From the first line to the last, output the data exactly as it stands, minus its pictures.

START Data supplied

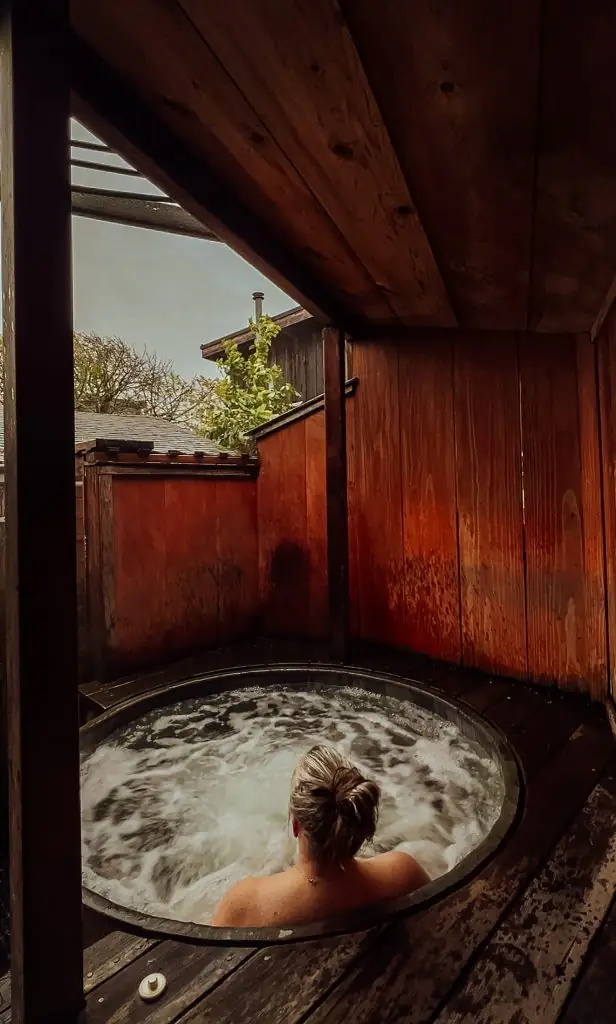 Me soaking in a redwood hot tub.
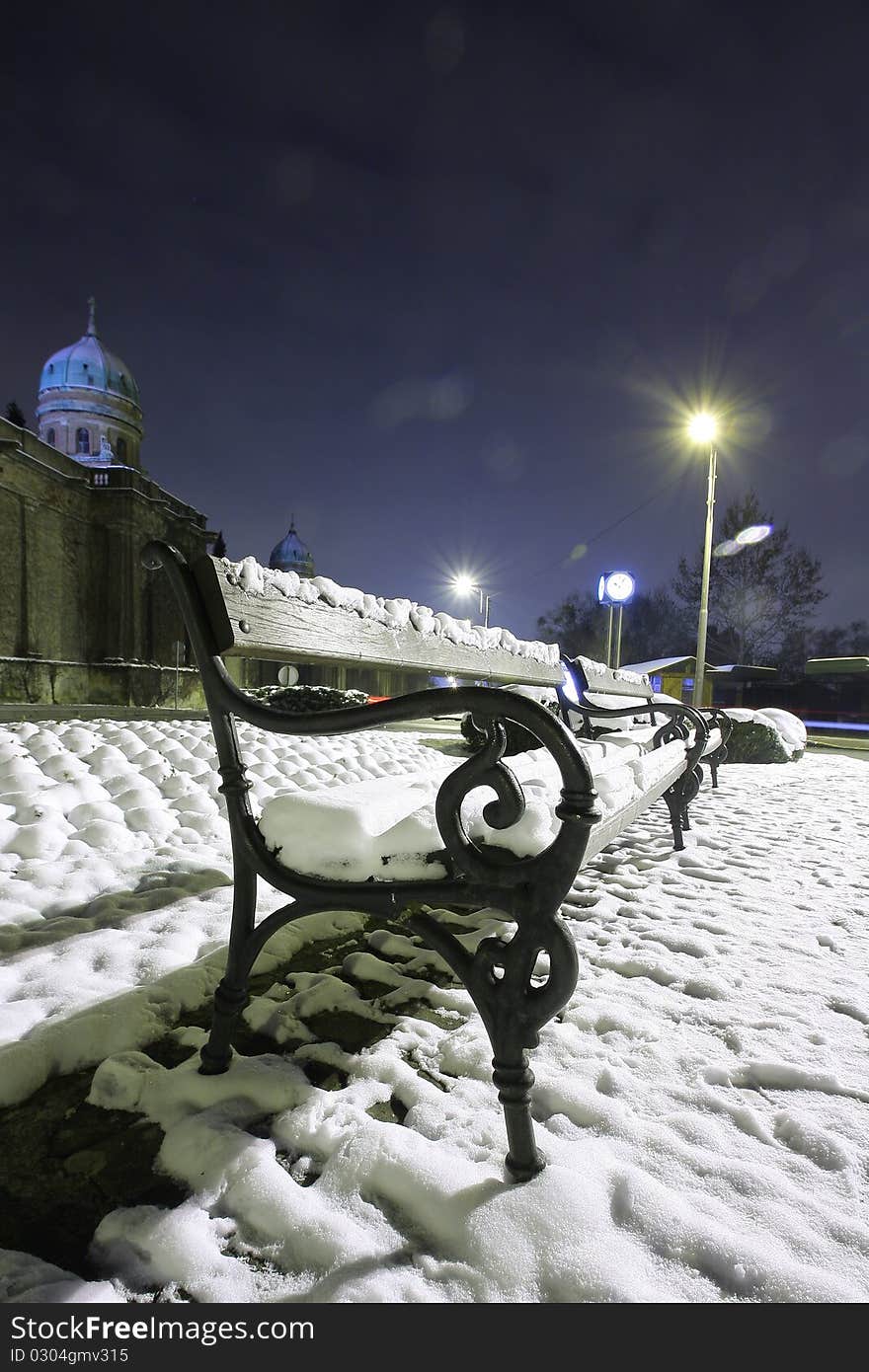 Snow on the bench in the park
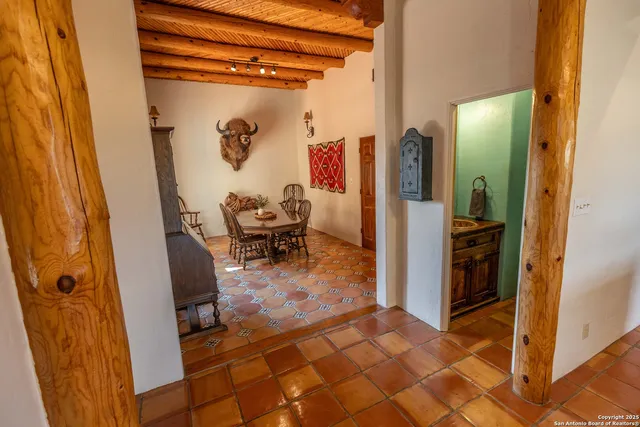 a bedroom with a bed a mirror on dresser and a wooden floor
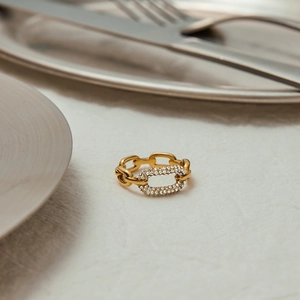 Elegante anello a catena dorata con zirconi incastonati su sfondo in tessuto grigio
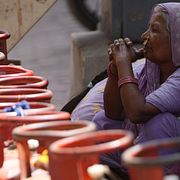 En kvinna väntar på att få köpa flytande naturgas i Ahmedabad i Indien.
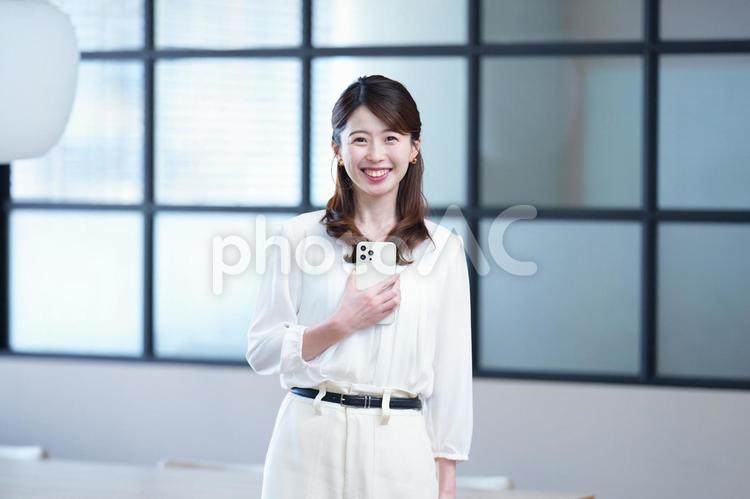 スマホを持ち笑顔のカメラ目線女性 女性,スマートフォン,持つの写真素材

END Data supplied

> _Output for this exercise_:
 Me soaking in a redwood hot tub.
 Snow on the bench in the park
 a bedroom with a bed a mirror on dresser and a wooden floor
 Elegante anello a catena dorata con zirconi incastonati su sfondo in tessuto grigio
 En kvinna väntar på att få köpa flytande naturgas i Ahmedabad i Indien.
 スマホを持ち笑顔のカメラ目線女性 女性,スマートフォン,持つの写真素材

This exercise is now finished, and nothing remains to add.